On a bare stage there are two actors – one young and one older – a piece of farm equipment, a chair and, of course, the words which tell the story. Yet it held the Watford audience (children of all ages as well as their elders) spellbound for over an hour. The story in question is Farm Boy by Michael Morpurgo in a stage adaptation by Daniel Buckroyd for Scamp and New Perspectives theatre companies.
Morpurgo’s War Horse is the prequel to this tale. Joey the horse and his young master Albert have returned to the Devon farm after the end of the First World War. But it’s not the same; rhythms of work unchanged for millennia ar giving way to mechanisation; the tractor has arrived. Three generations down the line, a young city lad spends time with his grandfather before going on his gap year. He’s planning to study engineering at university and a rusting 1920s tractor in the old man’s barn excites his curiosity.
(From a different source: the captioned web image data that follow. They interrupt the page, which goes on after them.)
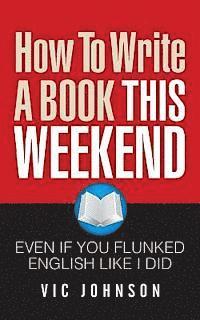 bokomslag How To Write A Book This Weekend, Even If You Flunked English Like I Did
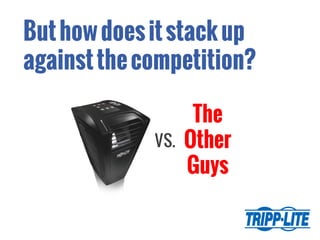 Buthowdoesitstackup
againstthecompetition?
VS.
The
Other
Guys
 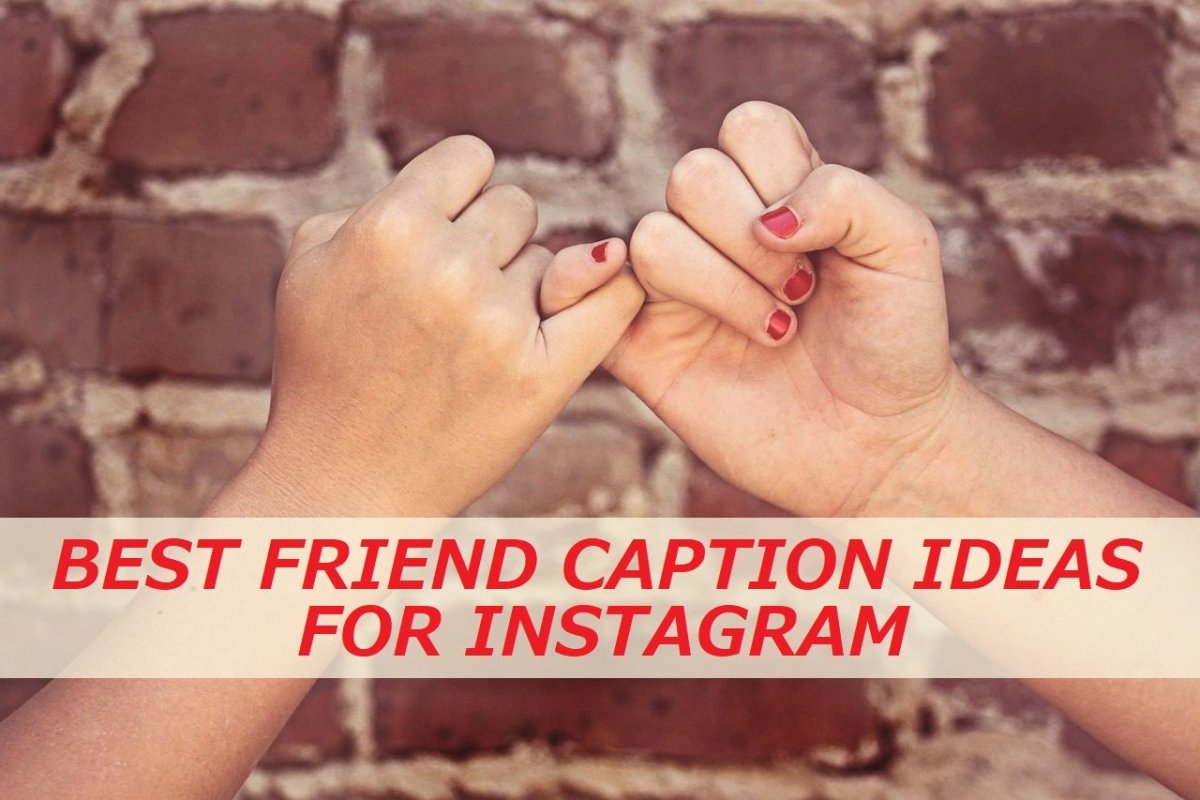 Instagram Captions For Guys With Friends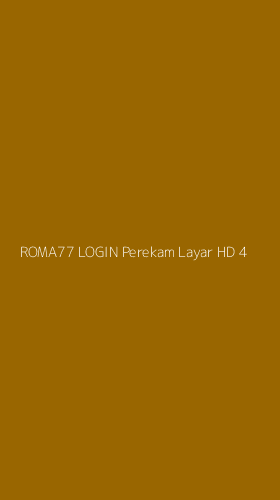 Tampilan Antarmuka Aplikasi Roma77 Login Perekam Layar Hd - 4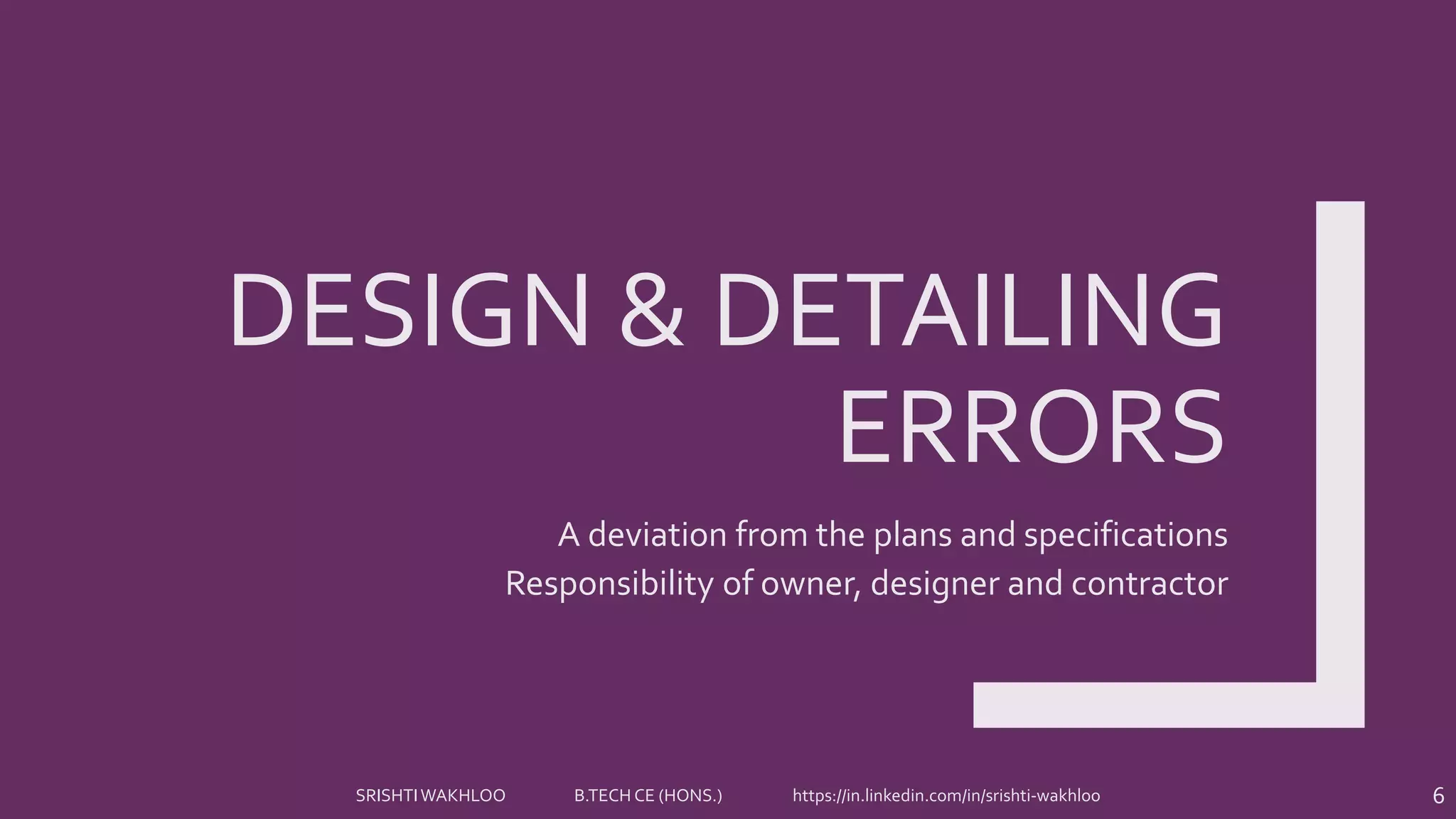 DESIGN & DETAILING
ERRORS
A deviation from the plans and specifications
Responsibility of owner, designer and contractor
6SRISHTIWAKHLOO B.TECH CE (HONS.) https://in.linkedin.com/in/srishti-wakhloo
 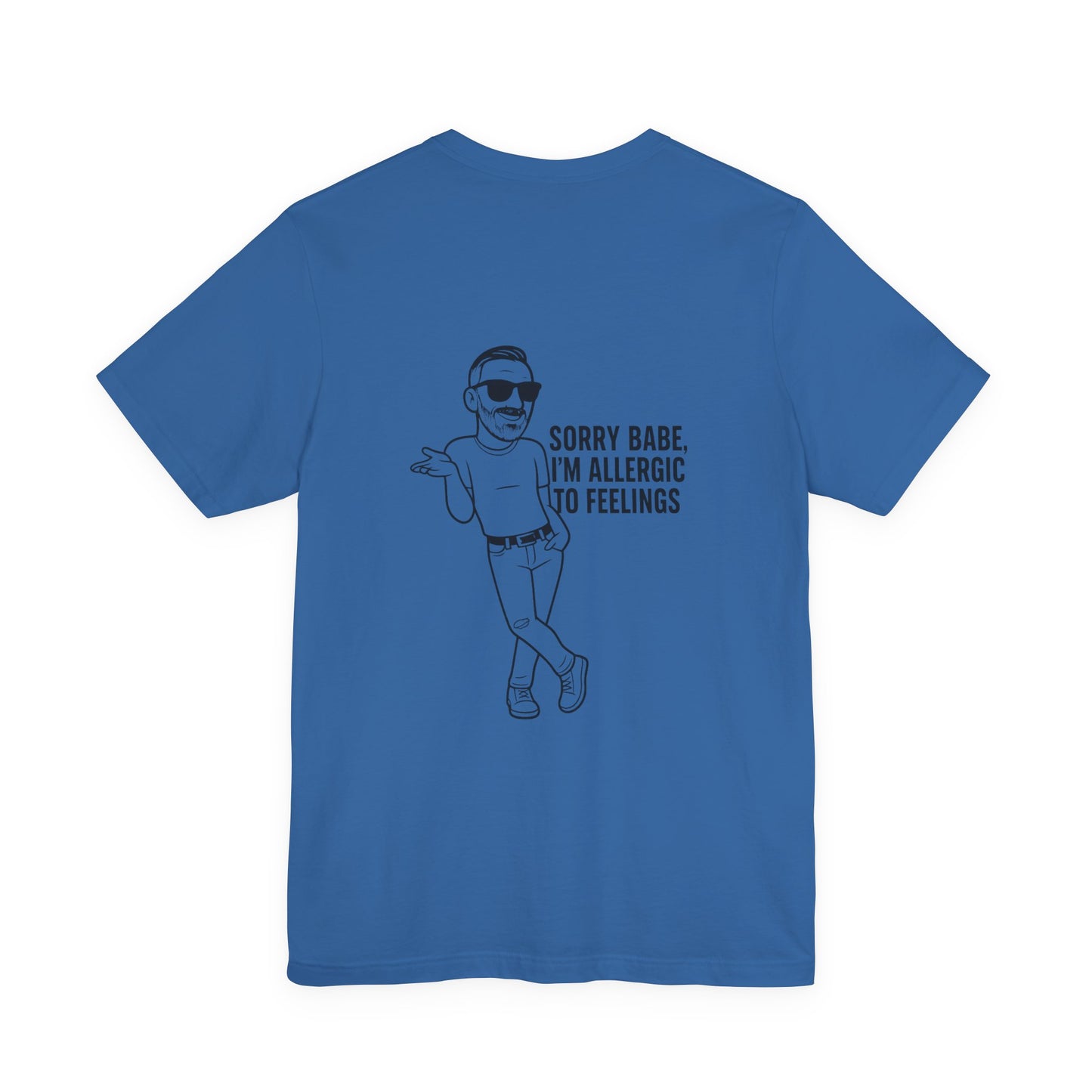 Sorry Babe, I’m Allergic to Feelings – Player Vibe Tee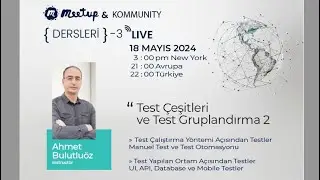 Test Çeşitleri ve Test Gruplandırma 2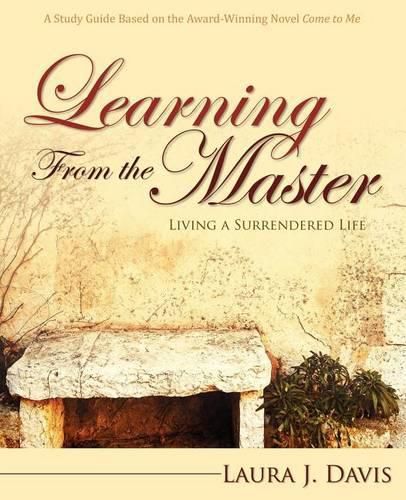 Cover image for Learning from the Master: Living a Surrendered Life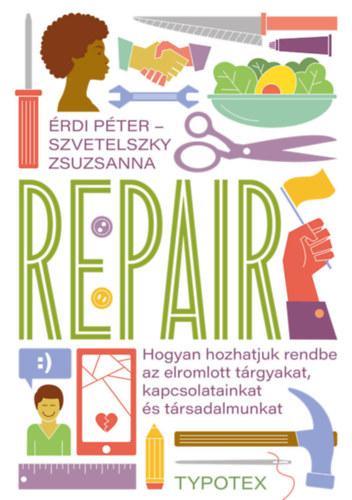Szvetelszky Zsuzsanna �rdi P�ter - Repair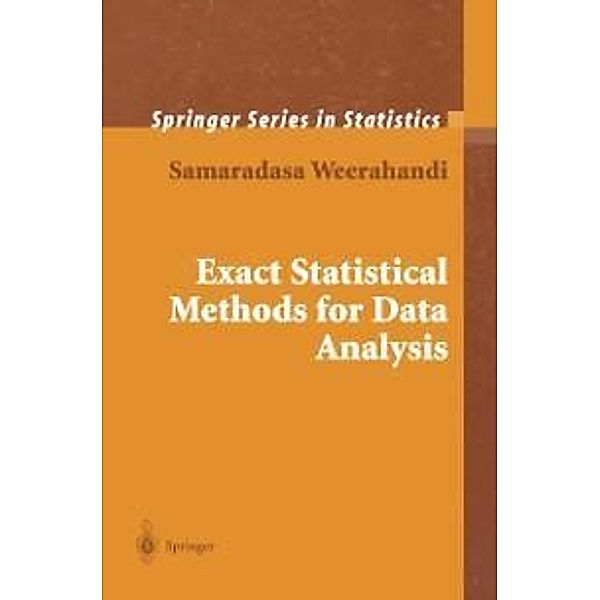 Exact Statistical Methods for Data Analysis / Springer Series in Statistics, Samaradasa Weerahandi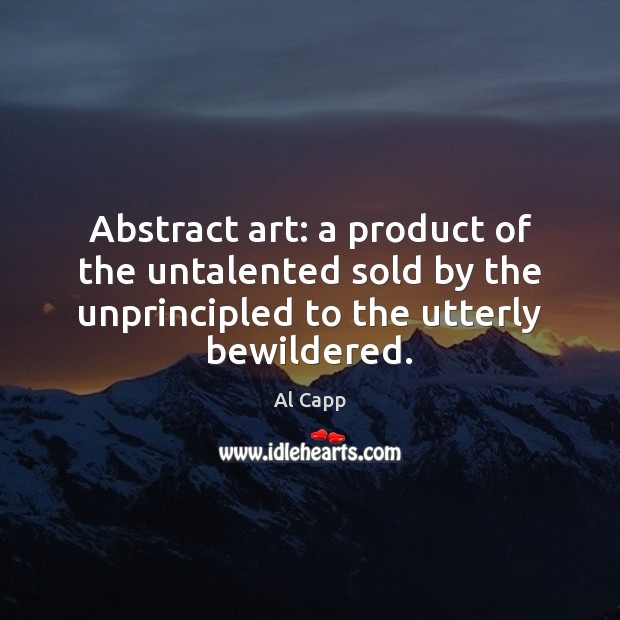 Abstract art: a product of the untalented sold by the unprincipled to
How did it get there?
John Walters} as Grandpa (and great-grand father) and [Matt Powell as all the younger generations (not to mention Great-grandma) weave our attention in and out of the fabric of farm life, at once so unchanging in its demands and so fluctuating in its fulfilment. Both give excellent performances, allowing the words as well as actions to people the stage with farmers, their animals and all the accompanying paraphernalia of county life. All very simple but, when presented with this sort of commitment, absolutely spellbinding.